Exercise description: Your answer must be an exact copy of the lines from the one containing "Mon cher cœur" through the last line of the records below, with no pictures; please include nothing else.

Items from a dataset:
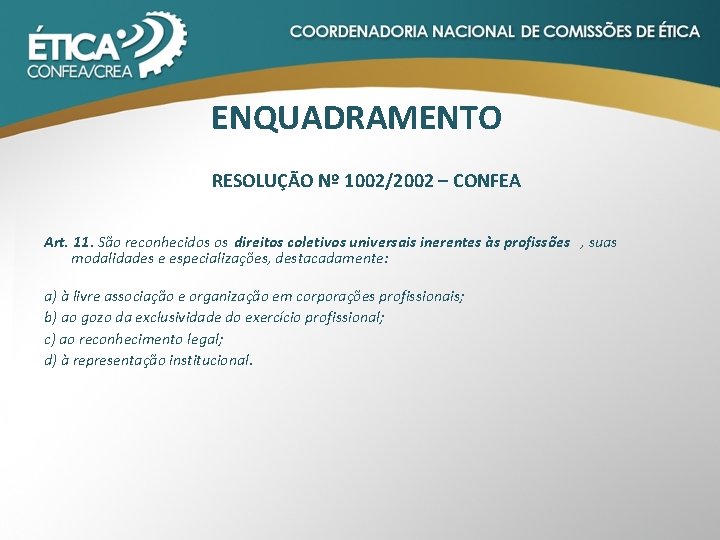 ENQUADRAMENTO RESOLUÇÃO Nº 1002/2002 – CONFEA Art. 11. São reconhecidos os direitos coletivos universais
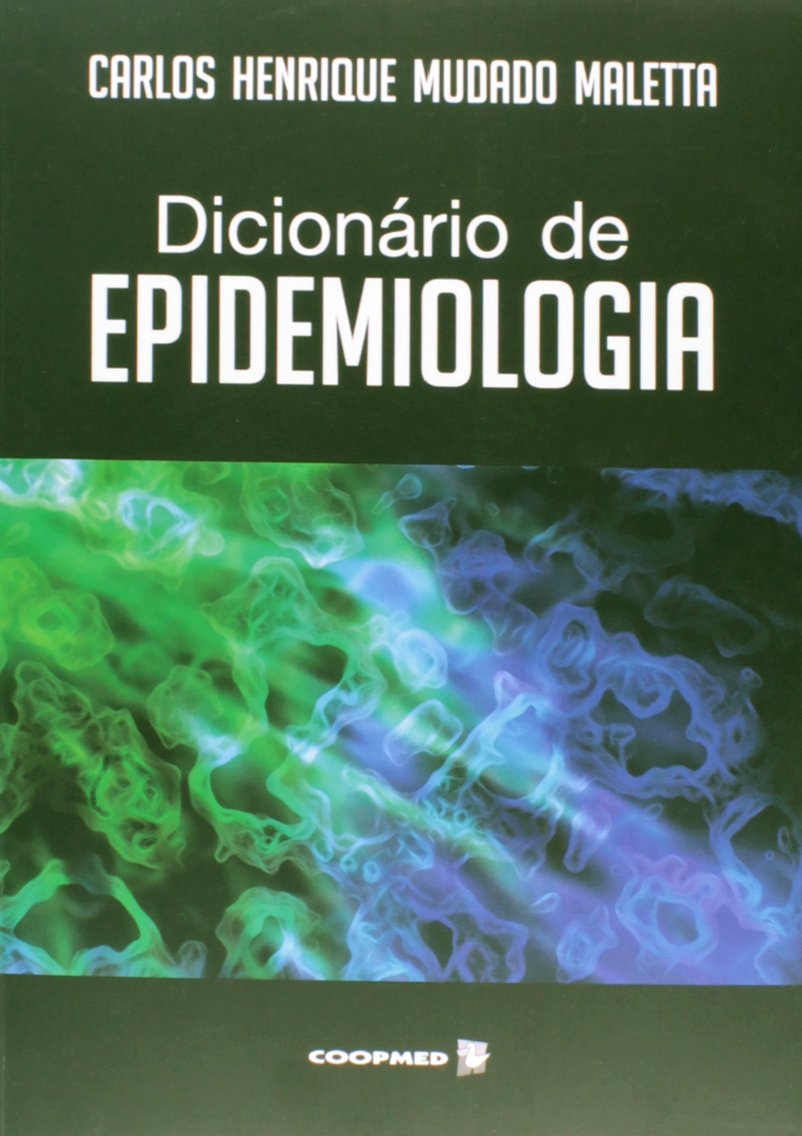 ler totalmente Dicionário de Epidemiologia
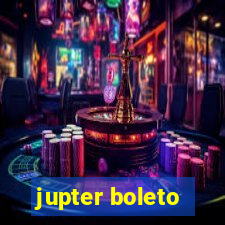 jupter boleto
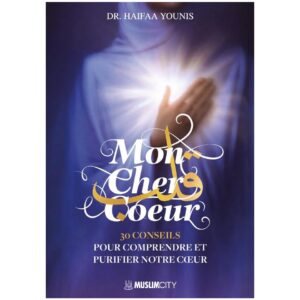 Mon cher cœur : 30 conseils pour comprendre et purifier notre cœur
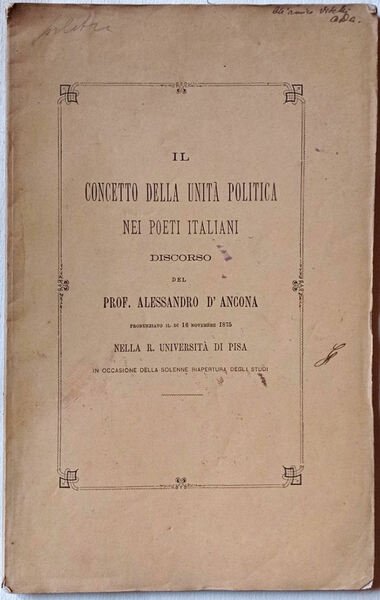 Il concetto della unita' politica nei poeti italiani.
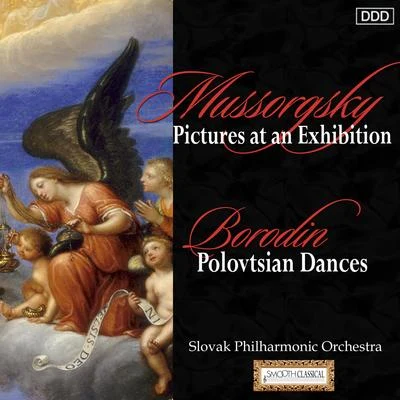 Mussorgsky: Pictures at an Exhibition - Borodin: Polovtsian Dances 专辑 Slovak Philharmonic Orchestra/Adrian Leaper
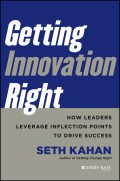 Getting Innovation Right. How Leaders Leverage Inflection Points to Drive Success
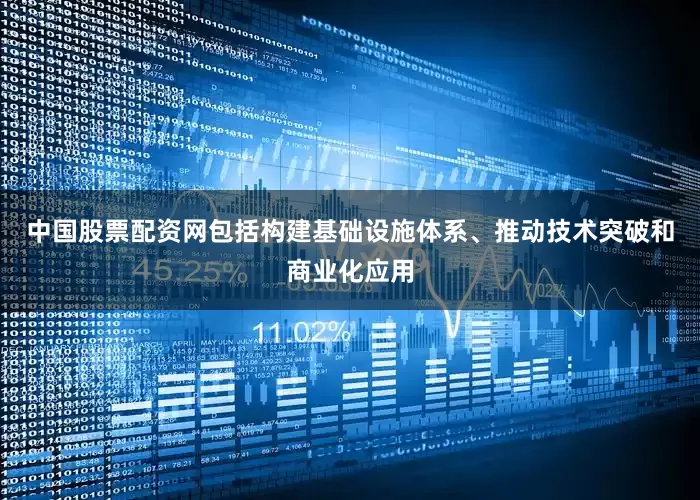 中国股票配资网包括构建基础设施体系、推动技术突破和商业化应用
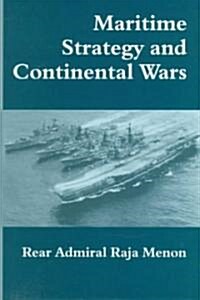 Maritime Strategy and Continental Wars (Hardcover)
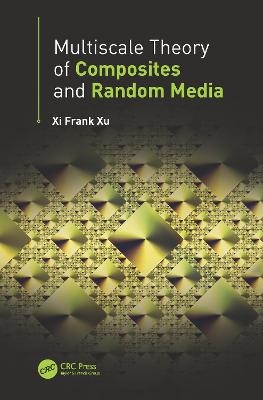 Multiscale Theory of Composites and Random Media - Xi Frank Xu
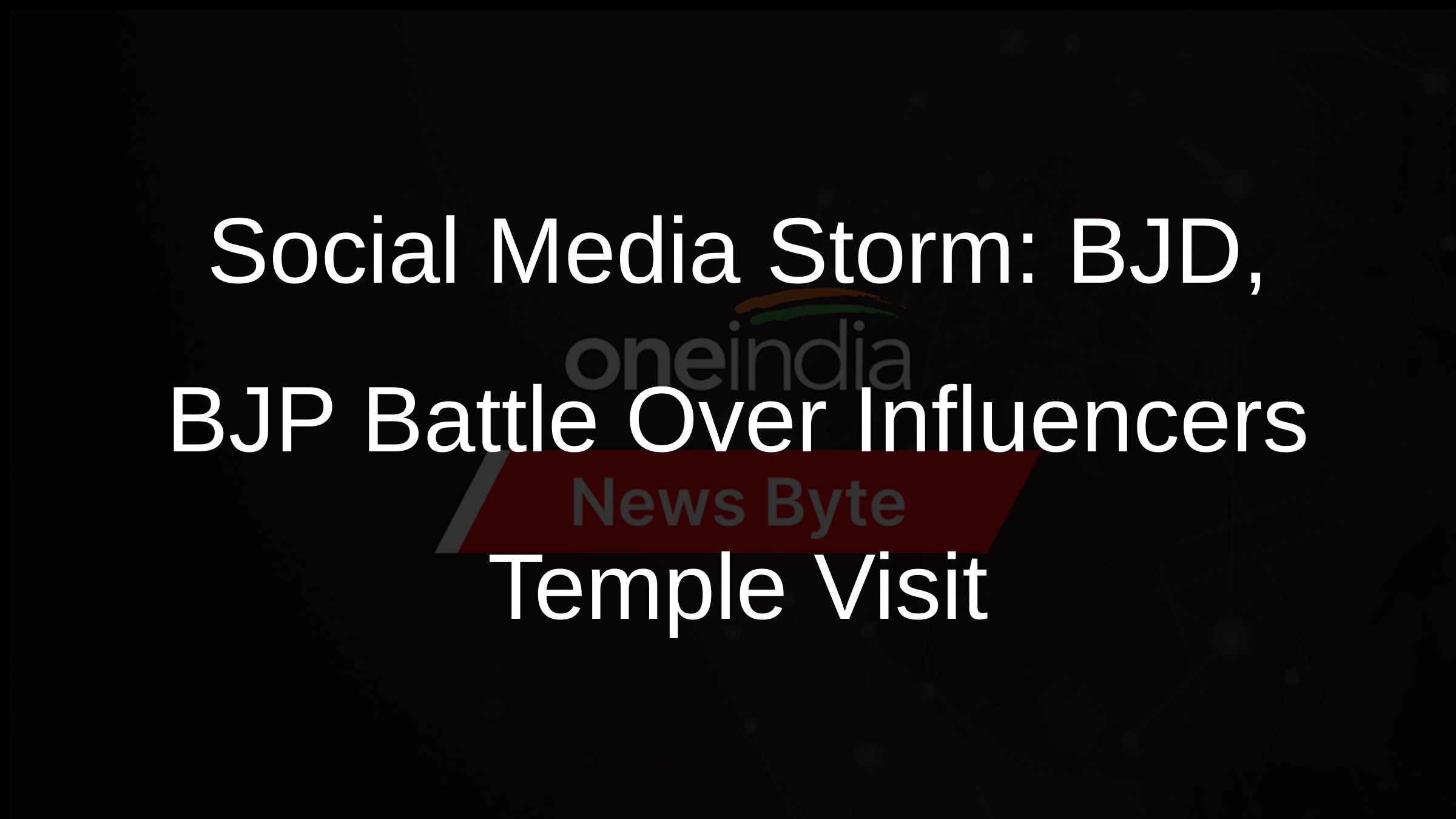 Social Media Storm: BJD, BJP Battle Over Influencers Temple Visit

Solution to this exercise:
 Mon cher cœur : 30 conseils pour comprendre et purifier notre cœur
 Il concetto della unita' politica nei poeti italiani.
 Mussorgsky: Pictures at an Exhibition - Borodin: Polovtsian Dances 专辑 Slovak Philharmonic Orchestra/Adrian Leaper
 Getting Innovation Right. How Leaders Leverage Inflection Points to Drive Success
 中国股票配资网包括构建基础设施体系、推动技术突破和商业化应用
 Maritime Strategy and Continental Wars (Hardcover)
 Multiscale Theory of Composites and Random Media - Xi Frank Xu
 Social Media Storm: BJD, BJP Battle Over Influencers Temple Visit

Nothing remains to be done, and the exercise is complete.